Here is one of the worst quirks of current politics - the martyrish yielding of ‘space’ to others, except the yielding itself is a performance and the yielder is, of course, its major star. I used to know a student in a university group chat who, upon the announcement of some social justice-related protest or party, would proclaim ‘Looks like this isn’t for me, everyone - I’ll sit this one out!’. Except there were hundreds of us in the chat and nobody cared. And she had already graduated and was doing a masters in a different city hours away so I have no idea why she was there in the first place.
It is in the yielding that the spirit of the female artist falls flat. This is why there are few female directors on festival circuits who display the knowing singularity of vision we see in Scorsese or Polanski. Contra Paglia, there is nothing inherent about femaleness that constrains art, but there does seem to be something about being a woman that leads to this sort of Sciammaian second guess.
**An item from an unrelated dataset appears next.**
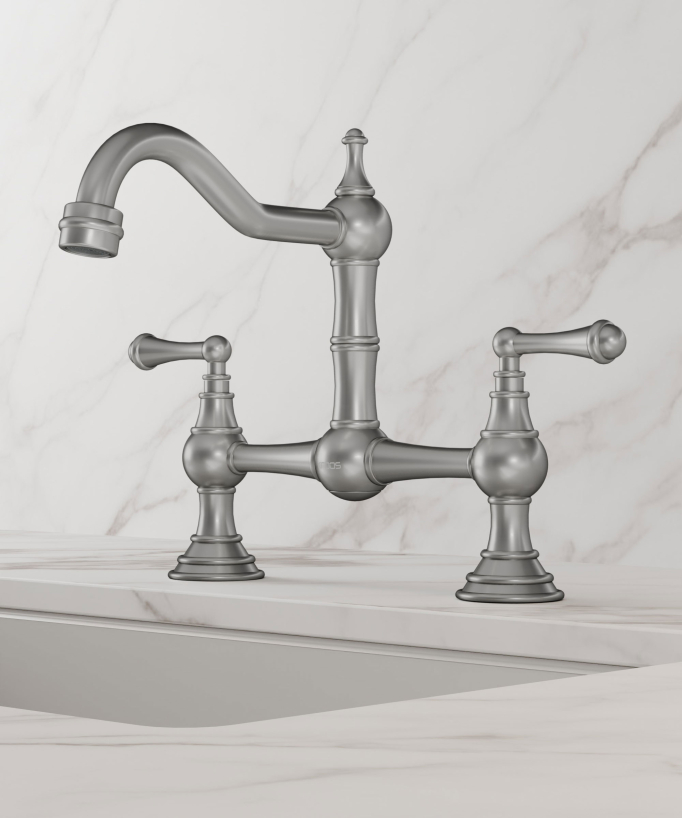 Retro Style Deck-Mounted Sink Mixer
Sacrificing your own narrative is not admirable.* Nobody likes a martyr who is aware of their own martyrdom, and if you are aware of your own martyrdom then you probably haven’t martyred yourself properly, have you?
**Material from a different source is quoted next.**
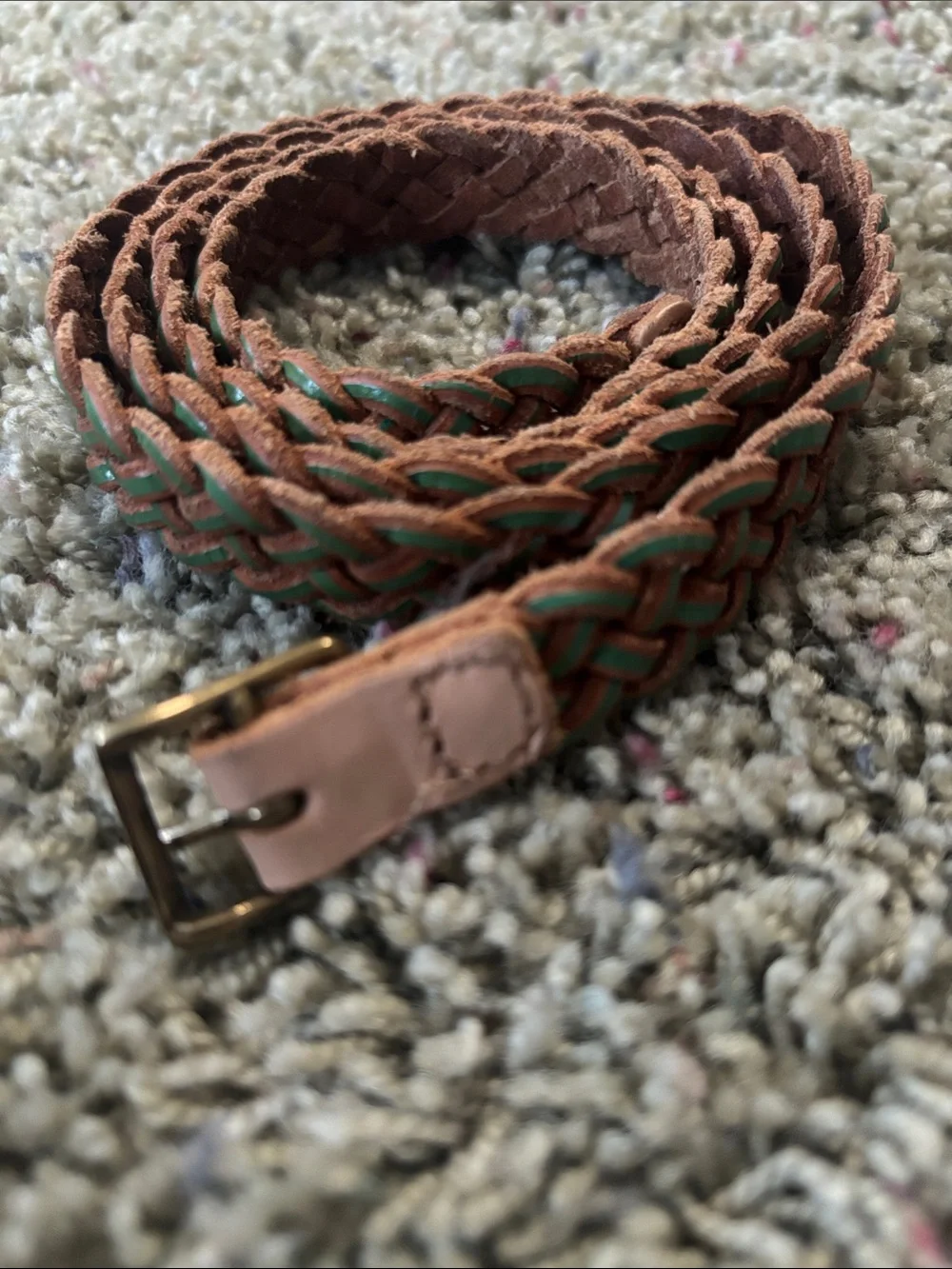 J. Crew Tan and Green Braided 100% Leather Skinny Belt - Women's Sz S/M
Justine (淑女的眼泪) by the Marquis de Sade (萨德侯爵) in Chinese
I have now read de Sade in Chinese but not in English. I enjoyed the novelty of this to start with but it wore off after probably the third whipping. De Sade in a second language is funny - the more egregious words have been learnt but their proper implications are yet to sink fully into my consciousness, and so the characters go about hitting each other for fun in a detached way, like in Looney Tunes or rugby. Justine, another extension of the Goeblin/Fassbinder Franz Bieberkopf character, emerges from a nunnery (= prison/women’s college/circus) and in this mad new world cannot help but get herself into scrapes which mostly involve voyeurism, bondage, and theft. She is set throughout the entire book on defending her own purity. Between every scrape she prays and argues painstakingly with characters whose politics, drawn up in imitation of Sade’s own, amount to a Watersian ‘Kill everyone now! Advocate first-degree murder!’. There is comedy in regularity, and also in trust, in others of which she has too much. She is the teenage girl in whom we all want to believe but can’t because her optimism is just slightly too bright and convenient and clearly configured as a foil to villainous adults - see Greta Thunberg, etc. Perhaps Franz has roots in the eighteenth century and did not come fully-formed from the modernist movement a la Venus in her shell.
*This is why Madonna, who has been subverting the mould for decades by sacrificing the narratives of OTHER people in favour of her own, is probably one of only two or three ‘great’ female artists not working in the medium of the novel (I’m planning a book on this). This is not a condemnation of womankind but rather an urge to study every aspect of history and then insert yourself very rudely into it. Yes you ARE Eva Peron!!!
As much as I enjoyed Portrait when I watched it I agree with you that the use of cinema as a tool for "education" and suchlike only results in simple, one dimensioned movies. It's disgraceful how frequent it is now for moviemakers (especially female ones) to boast about "what their movie teaches" or the "message" as if it was the most important part of a story.
Very interesting thoughts about yielding.
And I agree with you about Mulholland Drive being the best movie of this century AND on Babylon's glorious three hours ending in an equally glorious way.